Menahan Decline, Mencapai Incline Berharap Naik Tapi Secara Agregrat untuk Minyak Menurun

Twitter
LinkedIn
Facebook
WhatsApp

Jakarta Pusat, Jakarta, ruangenergi.com- Ada hal menarik disampaikan oleh Tenaga Ahli Menteri ESDM Bidang Eksplorasi dan Peningkatan Produksi Migas dan Ketua Satgas Lifting Migas Nanang Abdul Manaf, bahwa SKK Migas dan KKKS telah melakukan upaya meningkatkan dan akselerasi lifting migas untuk menahan decline dan mencapai incline. Harapannya naik, tetapi secara agregrat untuk minyak masih menurun.

Nanang menyampaikan agar bisa incline, maka harus punya proyek baru yang onstream yang akan memberikan tambahan produksi secara signifikan. Mulai tahun 2026 diharapkan ada tambahan dari onstream proyek Hidayah, Genting Oil, Geng North, Andaman dan seterusnya.
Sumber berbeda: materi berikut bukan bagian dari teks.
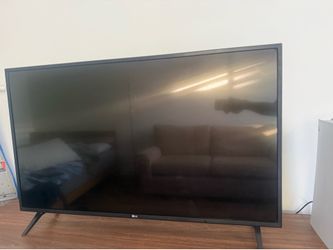 43’ Samsung TV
“Dengan perkembangan yang ada diharapkan tahun 2025 untuk minyak sudah tidak lagi decline dan dapat masuk ke fase incline. Untuk gas fasenya sudah meningkat sejak beberapa tahun terakhir, dengan adanya kontribusi proyek yang signifikan yaitu Jambaran Tiung Biru dan juga Tangguh Train 3. Kemudian, agar target lifting tercapai, maka entry point harus bisa mendekati target di tahun tersebut,” kata Nanang saat diskusi panel dengan tema “Upaya Peningkatan Produksi dan Lifting melalui Percepatan Proyek dan Strategi Kehandalan Fasilitas”, pada sesi diskusi panel yang menjadi bagian dari kegiatan Rapat Kerja Eksploitasi Industri Hulu Migas 2025 beberapa waktu lalu.
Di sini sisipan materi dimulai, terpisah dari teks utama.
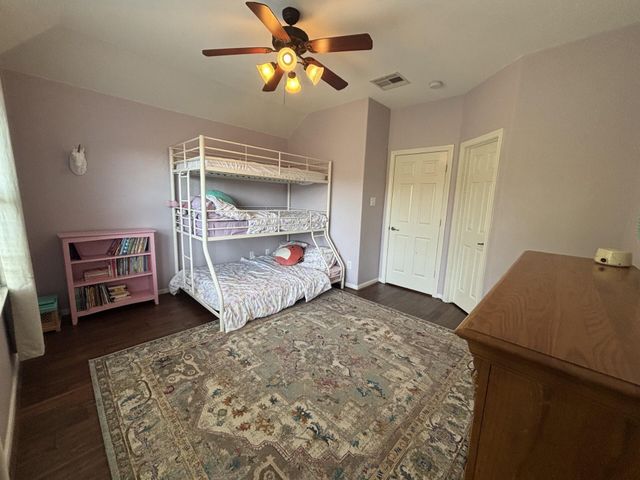14907 Whispy Green Court, Cypress, TX 77433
Pada kegiatan Raker Eksploitasi Industri Hulu Migas 2025 tampil narasumber Nanang Abdul Manaf Tenaga Ahli Menteri ESDM Bidang Eksplorasi dan Peningkatan Produksi Migas dan Ketua Satgas Lifting Migas, Taufan Marhaendrajana Deputi Eksploitasi SKK Migas, Ignatius Tenny Wibowo Senior VP Offshore Asset Medco E&P, Juan Carlos Coral L Operations Deputy Director ENI Indonesia dan juga Muhammad Nurdin Senior Vice President EMCL.

Terkait regulasi, Nanang menyampaikan bahwa Pemerintah telah menerbitkan Peraturan Menteri ESDM Nomor 14 Tahun 2025 terkait Kerjasama Operasi (KSO) untuk sumur idle maupun lapangan idle serta sumur masyarakat, harapannya dapat berkontribusi lebih optimal dalam memberikan tambahan produksi migas.

Pembelajaran yang berharga pada sesi ini setidaknya ada 6 (enam) hal yaitu

1. Target kinerja proyek idealnya adalah on time, on budget, on scope (OTOBOS), good governance, dan QHSE excellent. Untuk mencapai target kinerja tersebut diperlukan dukungan dan kolaborasi semua fungsi, dan semua stakeholders terkait.

2. Diperlukan upaya terobosan untuk mengoptimalkan parameter-parameter pengambilan keputusan dalam FID, agar kegiatan konstruksi fasilitas produksi dan drilling dapat dilanjutkan. Pemerintah mendorong melalui kebijakan fleksibiltas T&C dalam kontrak bagi hasil, penggunaan EPF untuk percepatan produksi dan perluasan skema KSO dan sumur masyarakat, serta masih mengadopsi kebutuhan bisnis.

3. Pelaksanaan proyek secara OTOBOS dalam praktiknya memerlukan kolaborasi antar pemangku kepentingan serta sinergi antara kegiatan drilling dan konstruksi fasilitas produksi.

4. Pada tahap pelaksanaan proyek (eksekusi), kinerja kontraktor yang masih belum sesuai rencana menjadi isu utama. Diperlukan langkah-langkah untuk bisa menyelesaikan isu ini sehingga kedepan kinerja proyek dapat terus diperbaiki.

5. Keberlanjutan produksi sangat dipengaruhi oleh keandalan fasilitas, dimana tingkat keandalan yang tinggi akan memastikan ketersediaan stok minyak yang optimal di titik serah.

6. Salah satu faktor kunci dalam penerimaan industri ini adalah keberhasilan proses lifting, dimana ketersediaan dan keandalan armada menjadi penentu utama tingkat keberhasilannya.